Stored items:
== Segment start ==
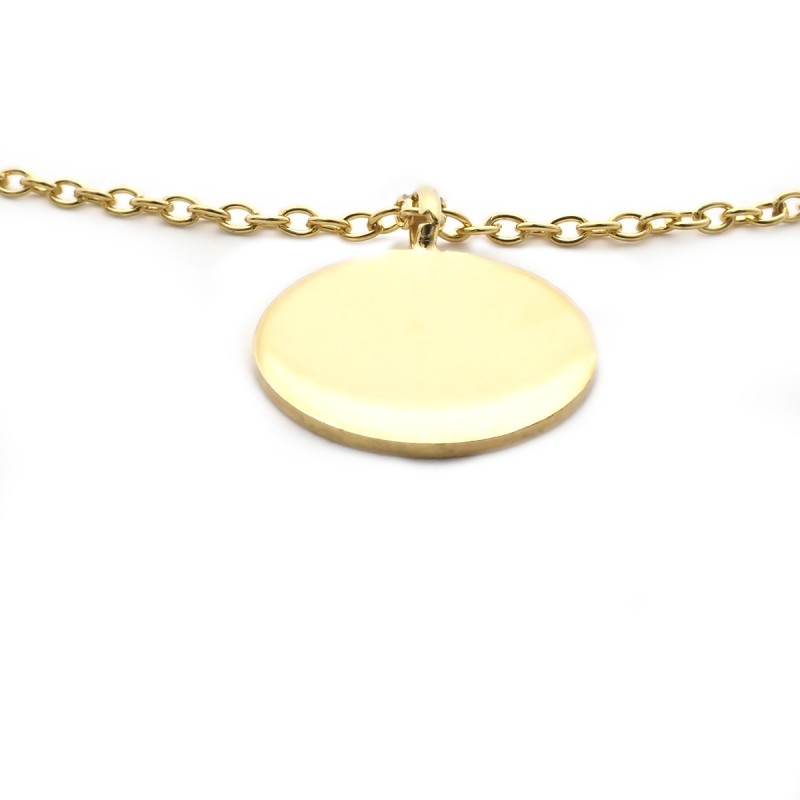 Bracelet femme Carador disque collection graphique en or jaune 375/000 232BR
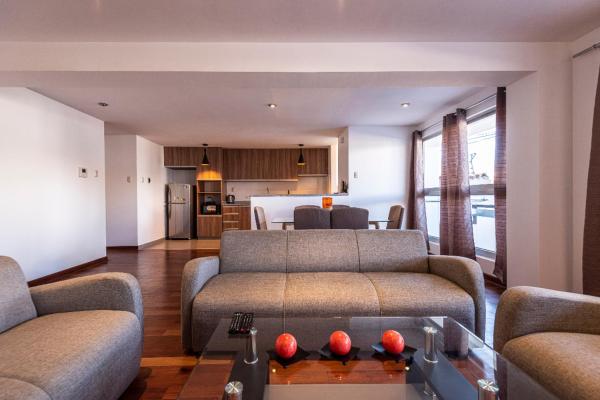 Na fotografii je vidět objekt El Triunfo Apartments nacházející se ve městě Cuzco.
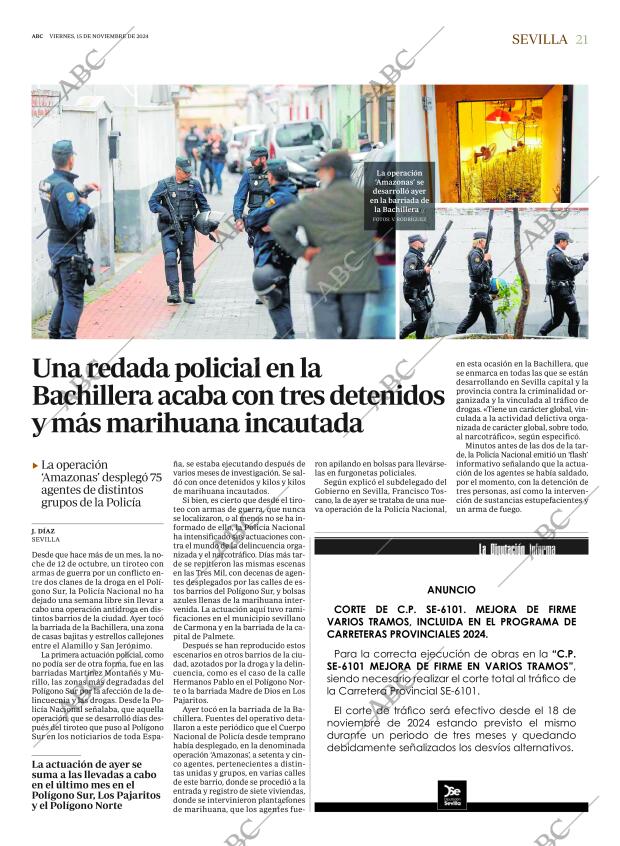 ABC SEVILLA 15-11-2024 página 21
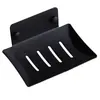 Estante de Jabón de Acero Inoxidable Engrosado Caja de Jabón para Baño Caja de Jabón para el Hogar Estante Metálico sin Perforaciones para Montar en Pared para Jabón de Drenaje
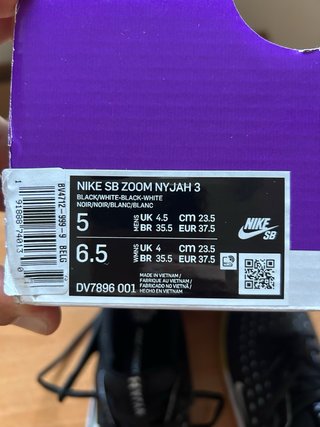 Nike SB Zoom Nyjah 3 Nero Tg 37.5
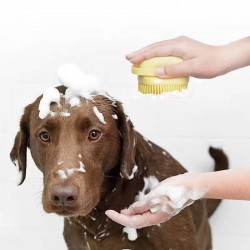 Pet Grooming Bath Comb & Soft Cleaning Brush for Small Pets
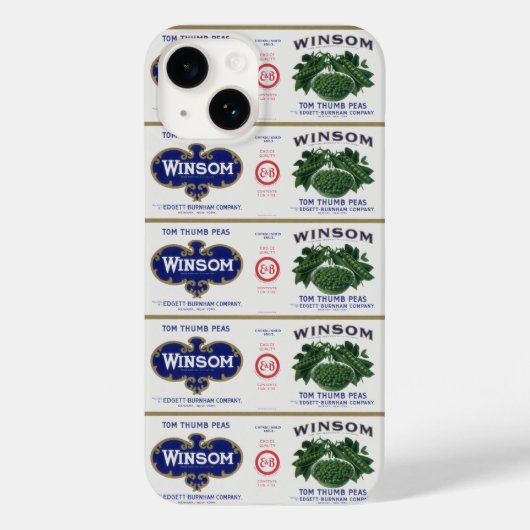 Vintages Gemüse kann Kunst, Winsom Peñas Case-Mate iPhone Hülle (Rückseite)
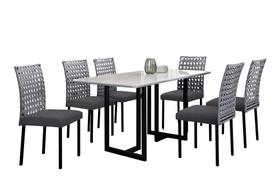 Conjunto de Jantar Lisboa com 6 Cadeiras Base Goiás BM Tubulares Conjunto de Jantar Lisboa com 6 Cadeiras Base Goiás BM Tubulares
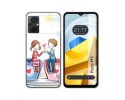Funda Silicona para Xiaomi POCO M5 diseño Café Dibujos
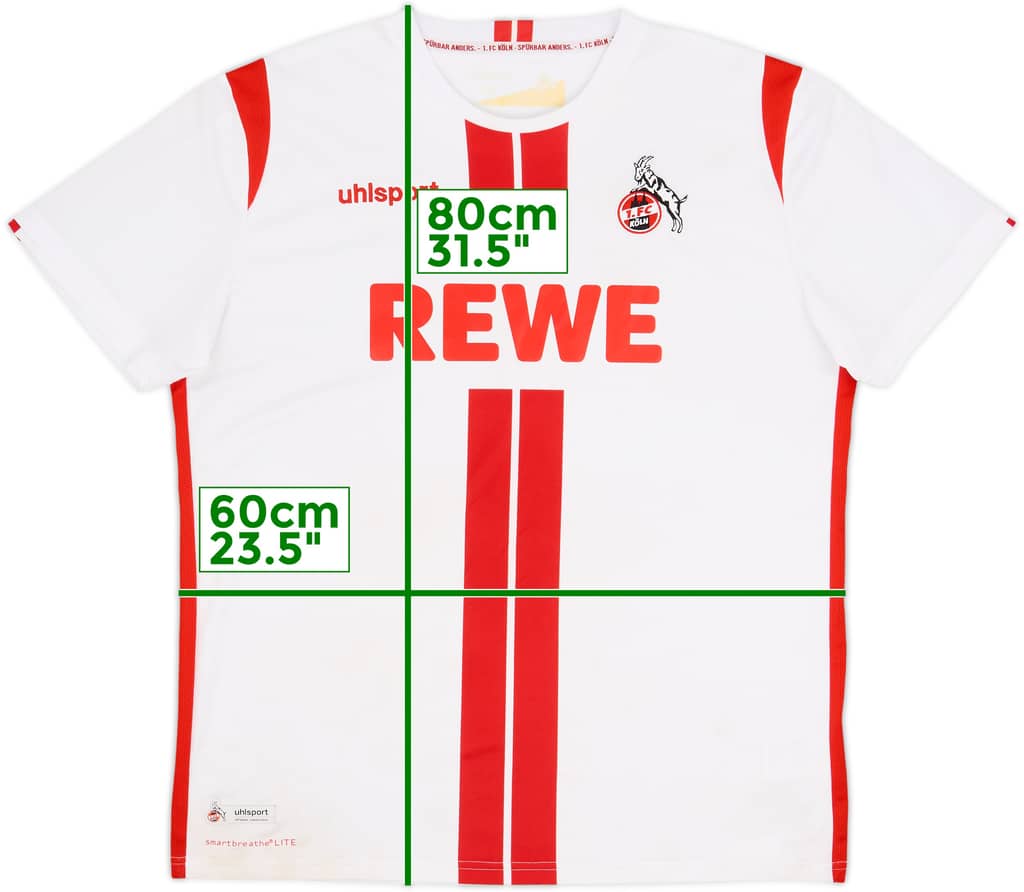 2020-21 FC Koln Home Shirt - 5/10 - (3XL)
== Segment end ==
AIM OF THE TASK: Look above for the line with "ABC SEVILLA 15-11-2024 página 21" and the line with "Pet Grooming Bath". Copy them and every line between, exactly, but no pictures.

YOUR SOLUTION:
 ABC SEVILLA 15-11-2024 página 21
 Estante de Jabón de Acero Inoxidable Engrosado Caja de Jabón para Baño Caja de Jabón para el Hogar Estante Metálico sin Perforaciones para Montar en Pared para Jabón de Drenaje
 Nike SB Zoom Nyjah 3 Nero Tg 37.5
 Pet Grooming Bath Comb & Soft Cleaning Brush for Small Pets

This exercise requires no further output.